His beautiful face was ghostly white, tinged with grey. His eyes were closed, their edges embroidered with dried blood. Purplish-grey shadows, reddish-brown with new and old bruises, painted the hollows under his eyes. His hair – his silky golden hair that she had dreamed of combing her fingers through so many times – was dirty, matted. Infested with lice, splayed on the coarse linen pillow of the hospital bed. Clotted, congealed blood covered the tip of his eyebrow, and the sides of his nose. A cruelly stark contrast to his pallor.

His lips were dry and cracked, the remnants of his pain still etched on them – God, the same lips she had kissed so passionately and desperately, long ago on a springtime night, of sandwiches and wine and Sybil's midsummer ball in London – those lips were now mercilessly shrunken and lifeless.

His forehead was unmarked, only a prominent line stretching across its benign expanse, the marks of life and years and pain left upon it.

His cheeks and neck were flecked with bloody scratches; dark red scars that told of the hell he had been through for four unforgiving years; thick, wet, unhealed smears and trails across his darling face; wet blood coated the opening of his right ear. And yet, he looked so calm, so peaceful, so perfect, he might have been sleeping if not for the wounds that crowned him. In her eyes, it was a badge of his courage, his bravery, but oh – he didn't deserve it, any of it. Matthew Crawley deserved to be cherished and loved and adored; and it was she who had driven him to this, all those years ago.

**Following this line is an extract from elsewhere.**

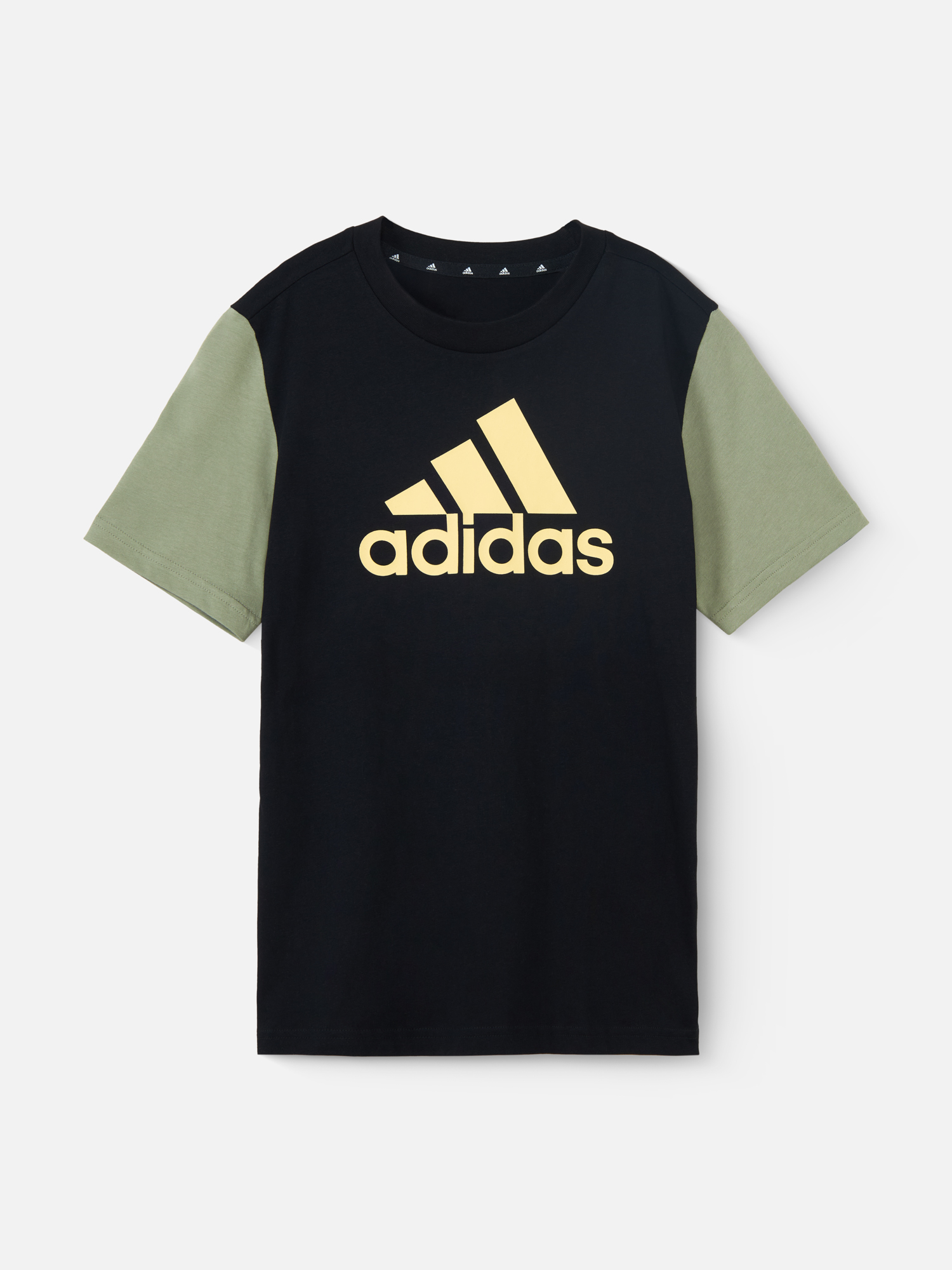 

Футболка Adidas для мальчиков, IX9516, чёрная 095A, размер 176, Черный;зеленый, IX9516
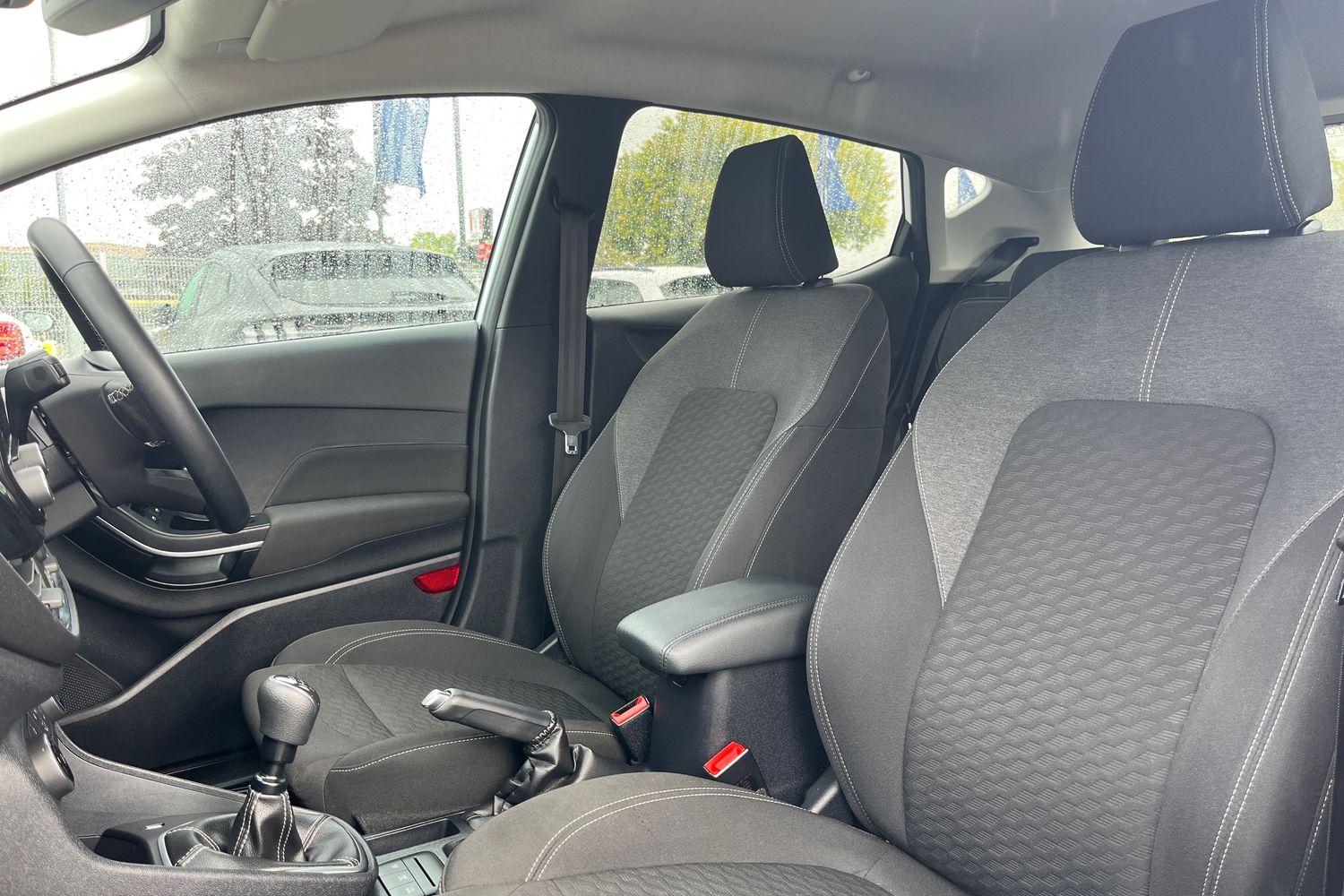Ford FIESTA Photo 18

She had trained herself not to think along this dark track any more than she could help; because it seemed to invariably produce the effect of physical pain cleaving her breast in two.

His chin, and all the way down his neck, was speckled with stubble; days-old, now; mixed with the marks of maroon; his torso had been viciously slashed and scarred all over with crimson and purplish-blue bruises when she had washed him with every last bit of tenderness and gentleness she possessed; and oh God, he was hurt¸ and it broke her heart.

She hadn't left his bedside from the moment he'd arrived, save to fetch whatever Sybil told her to – ointment, wet towels, warm water, antiseptic. She doubted she'd ever run back and forth, fetching and carrying, in all her life. But she had done it willingly, and would do much more, for Matthew's sake. Because – oh, because – she was in love with him.

She was still seated by him now, his large, broken hand cradled in hers. She could feel ridges and veins under her fingers, the unnatural roughness hewn into it by Flanders mud and cold and wielding a gun – but no amount of harshness and pain in the world could – or would – ever have the power to make his hands ungentle in their texture and touch.

She knew he was still in that black void between sleeping and waking; unaware that he was back where he belonged, not on unfamiliar French soil that had for so long become his perversely normal existence. Every hour and every day since 1914, she had prayed to a God she barely believed in, begging only that her darling be kept out of harm's way. Loving him had become a part of her, body and soul; and now her worst fear had been realised at last – no, she chastised herself, she had imagined things far worse than this. He was alive, and breathing, and here, and for that she was grateful.

Her eyes lingered upon his battered body, his cracked visage, unable and unwilling to fix upon anything else in the room. He held her gaze as he held her heart.

Probable spinal damage … it could mean anything … she had next to no medical knowledge, but she dearly, desperately hoped that Matthew wouldn't be subjected to what she thought he might – please, God, hasn't he been through enough?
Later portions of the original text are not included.